In terms of industry trends, MNCs are diversifying into innovative generics in order to offset the patent cliffs affecting big pharma. Is diversification the answer in the Asia Pacific region and how has IMS been able to help these companies adjust?

IMS tracks the performance of many products across the region. In Asia the patent cliff is not as steep as it is in other parts of the world. In the USA and in Europe patent expiry is synonymous with a significant drop in company revenues. These companies are therefore compelled to find growth through branded generics in emerging markets.

In emerging markets including Malaysia, increasing income per capita generates new potential consumers of pharmaceuticals. These consumers tend to first use generics because they are low cost. As consumers become older and richer they may then switch to branded generics over time. This is could be an attractive market segment for MNCs.

How do you explain the fact that the patent cliff is not as steep in Asia as in the rest of the world and is there a real need to move into branded generics if this is the case?

The reason the patent cliff is not as steep is thanks to the significant value that consumers ascribe to certain brands. There are concerns over the quality of some generic medications as well as worries that they could be purchasing counterfeits. Consumers are therefore prepared to pay a premium to avoid these worries.

In addition, governments in Asia Pacific often try to protect their own generics industry and so prices for generics are not dramatically reduced compared to the original branded product.
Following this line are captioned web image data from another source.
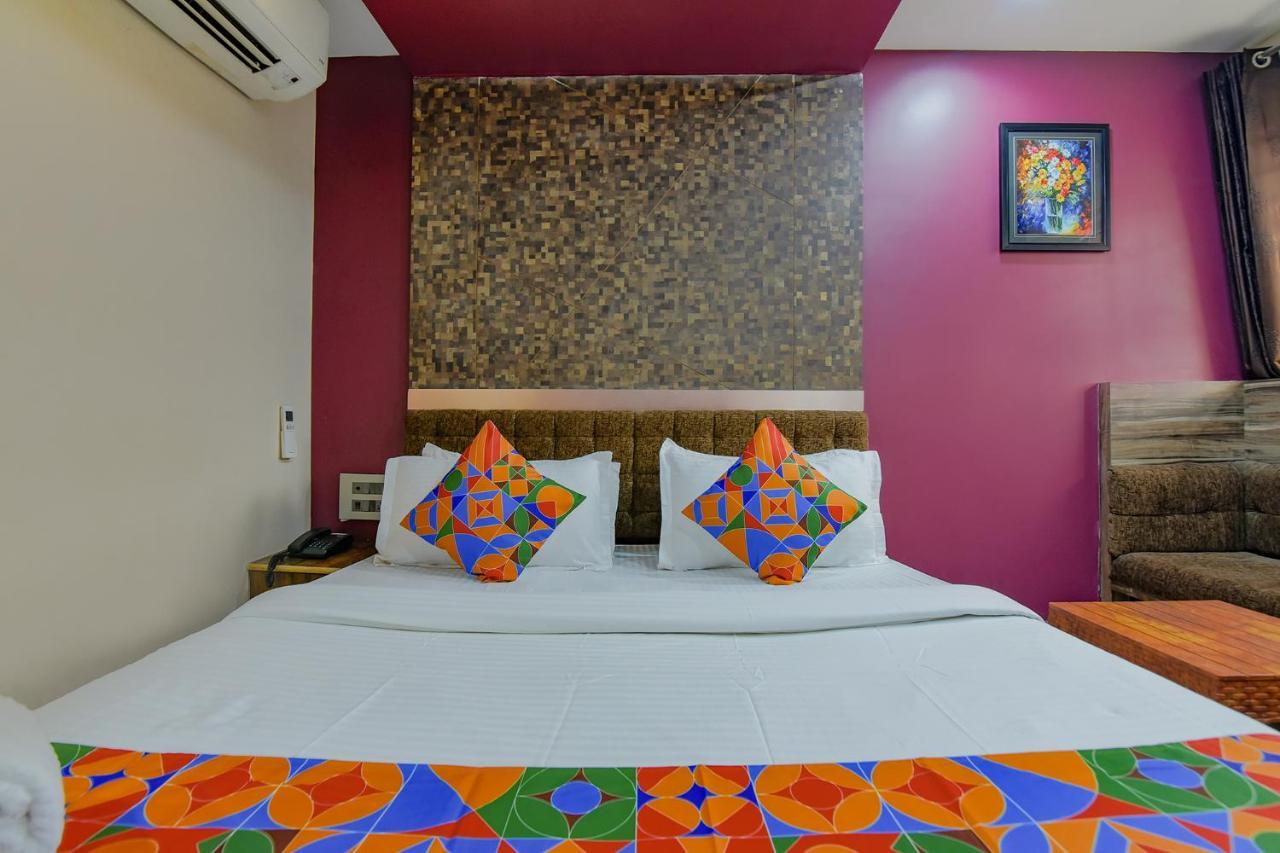 Fabhotel Middleton Desire - Nr Niladri Vihar Square Hotel 3*
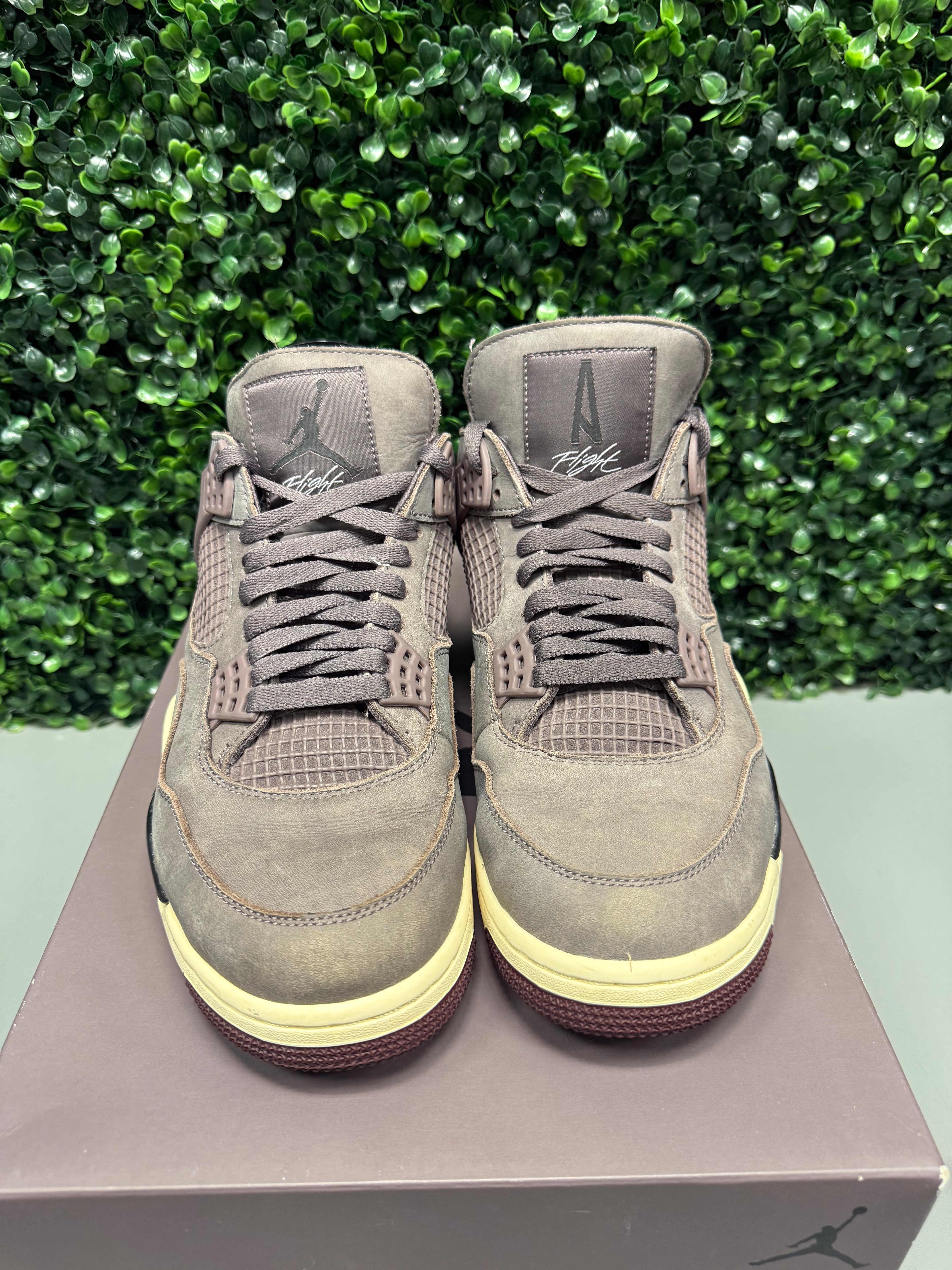 Jordan 4 X A Ma Maniere "Violet Ore" Size 10 Preowned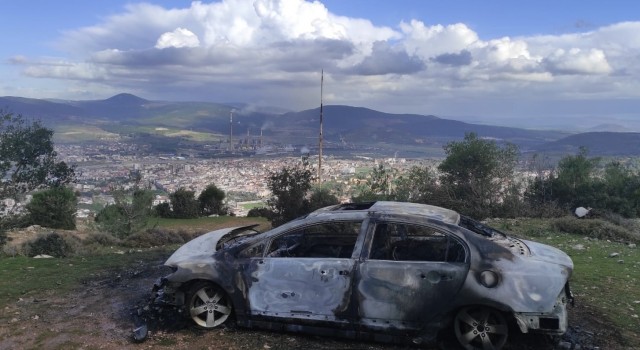 Otomobilini yaktı, ‘psikolojim bozuk dedi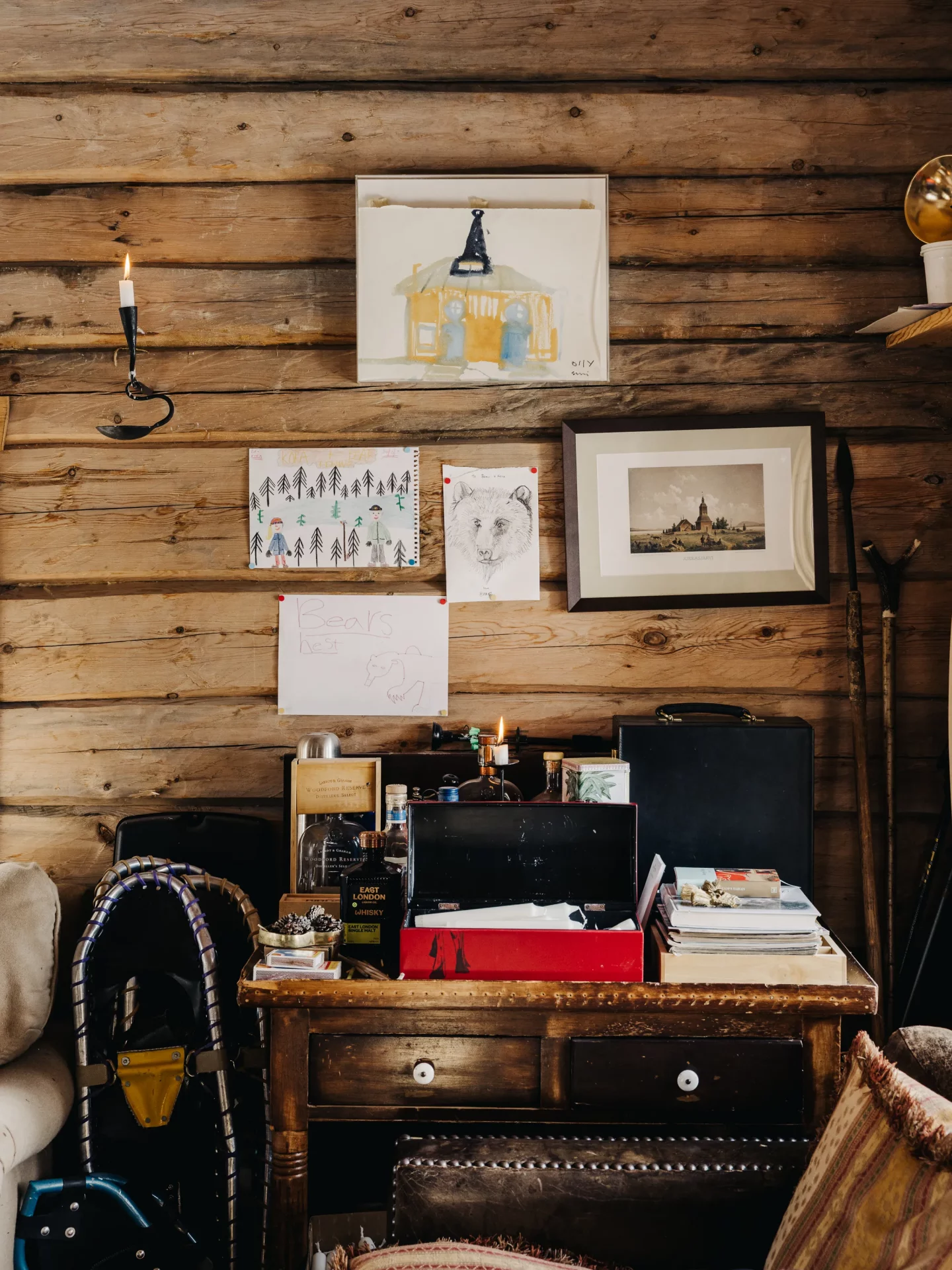 Зря отказались от цивилизации: жизнь в хижине без света и воды выглядит как ошибка картинка Автономный дом в лесу: жизнь без воды и света | DGL.RU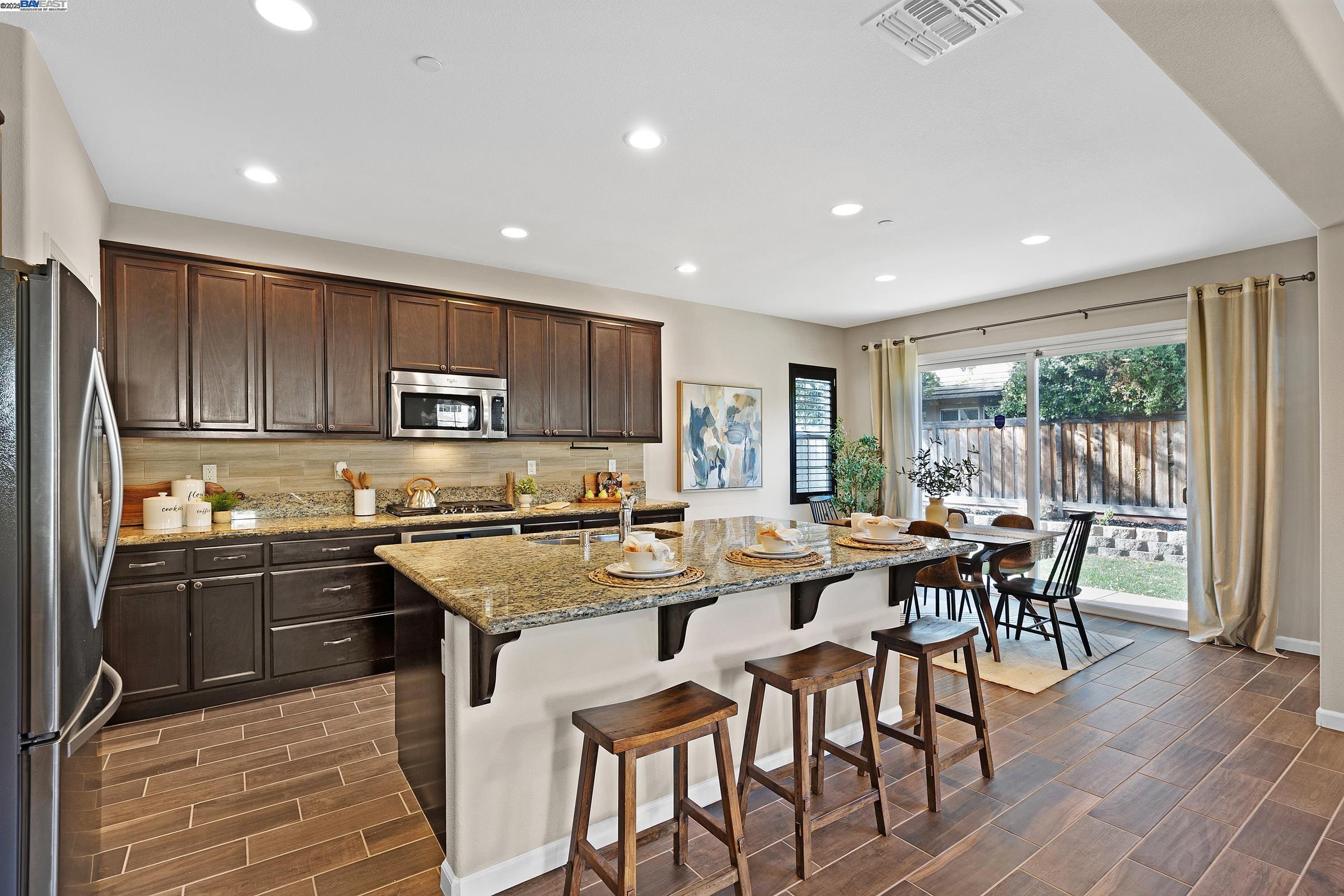Detail Gallery Image 43 of 45 For 1705 Hummingbird Lane, Tracy,  CA 95376 - 4 Beds | 3/1 Baths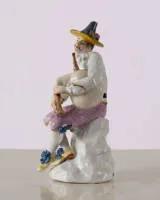 Porcelánová figurka, Míšeň, "Harlekýn s dudami", kolem 1745, model J.J. Kaendler 1736 (číslo modelu 261), cca 14,5 cm vysoká, klobouk a květy odřené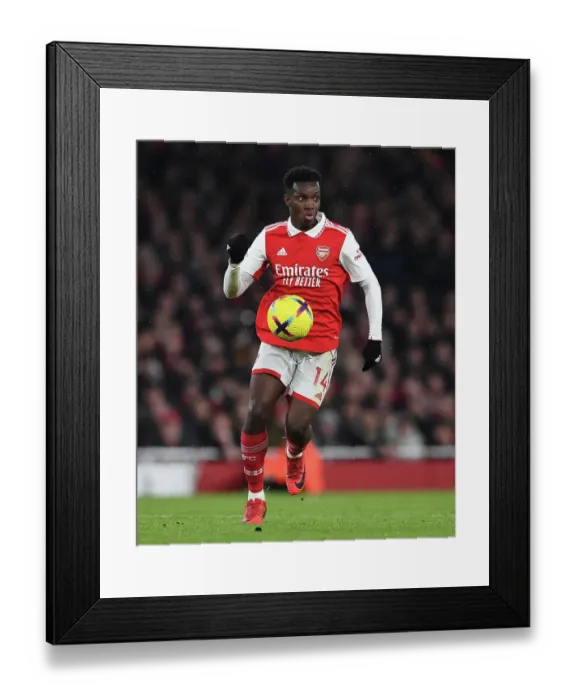 Framed Print : Arsenal's Eddie Nketiah Faces Off Against Manchester City in Premier League Battle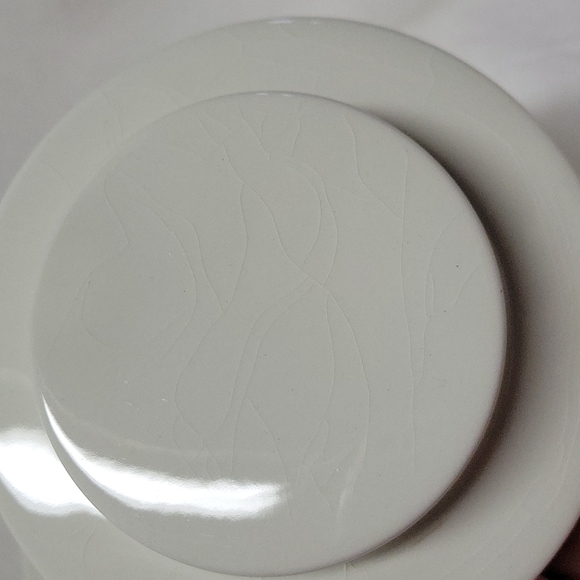 Vintage Johnson Bros. Bergeron coffee pot. Made in England. - Picture 2 of 5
The choice of investing in branded generics is dependent on the individual business strategies of the companies. Companies such as Sanofi-Aventis have made a choice to ride the wave of volume growth in Asia. In order to tap this market of new consumers the best way is to sell generics or branded generics. Other companies such as Bristol Meyers Squibb have chosen another path, concentrating on their innovative pipeline and actually withdrawing from certain Asian markets declaring they would come back once they had new products available.

Another strategy used by the MNCs in the face of patent expiry has been megamergers between companies such as Pfizer and Wyeth, Merck and Schering Plough. Do you see this model of mergers and acquisitions continuing in the Asia Pacific region?

In Asia there are many companies seeking to tap into the region’s growth and they are considering buying companies, brands and portfolios. The reason for this is that rather than investing in new facilities and starting from scratch it is often a faster strategy to acquire a local company and grow at the same rate as the market. MNCs are very good at launching innovative drugs in the market but have limited experience in launching generics.